By any measure, Teamster truck drivers, warehouse workers, cannery operatives, and flight attendants belong to a better union today than they did when Carey took the Teamsters' top job six years ago.

Besides directing the spectacular win at United Parcel Service this summer, which created thousands of new full-time jobs, Carey oversaw the removal of dozens of corrupt officials, some mob-connected; slashed bloated salaries; reorganized headquarters to improve communication with members; and sent out hundreds of rank and file volunteers to recruit non-union workers.

But Carey did not accomplish the Teamsters' victories by himself.

He won office with the support of a remarkable national rank-and-file reform caucus called Teamsters for a Democratic Union (TDU), which had agitated for years for member rights and a firmer stance vis a vis employers, winning, eventually, the right to vote for top officers.

This network of shop floor rabble-rousers declined to fold its tents when Carey took office, but instead kept its organization alive and growing all through the Carey years, pushing here and prodding there. It was TDU's mobilization plan that Carey adopted for the battle with UPS, and the Teamster rank and file's solidarity that won that strike.

Unlike TDU members, Carey made the mistake of believing in the great man theory of history, rather than understanding that people make their own history.

He never joined TDU, because he just didn't understand its notion of bottom-up rank-and-file control. He was uncomfortable with the existence of another power base in the union, and he kept TDUers at arm's length by appointing other, more conservative types to important positions in the union hierarchy.

The ultimate lack of faith in the ranks was Carey's decision to bring in slick consultants with no union background to run his 1996 re-election operation. His 1991 campaign, in contrast, had run on a shoestring and relied on member-to-member campaigning.

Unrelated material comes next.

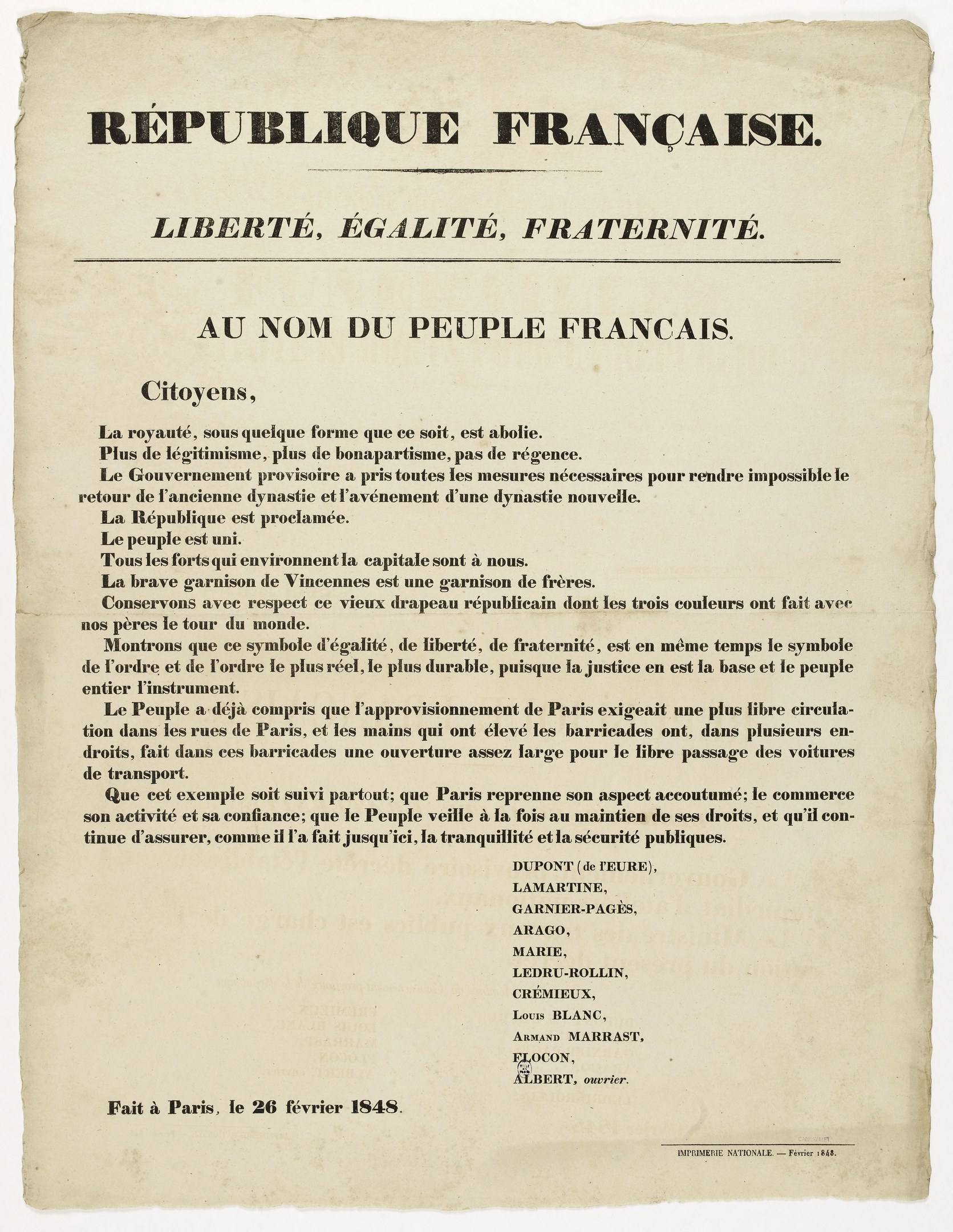 Papier mit der Überschrift "Liberté Égalité Fraternité au Nom du Peuple Français" von der Titelseite der Französischen Revolution.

The consultants' inside-the-Beltway-type functioning was the opposite of TDU's rank-and-file approach. Their arrogance led to the scheme to steal members' dues money for the campaign's expensive mailings, and to thinking that they could get away with it even though the union was under government supervision.

The downfall of Ron Carey provides a lesson for all union reformers--and there are many of them, in many unions besides the Teamsters. That lesson is: don't count on leaders who don't count on you.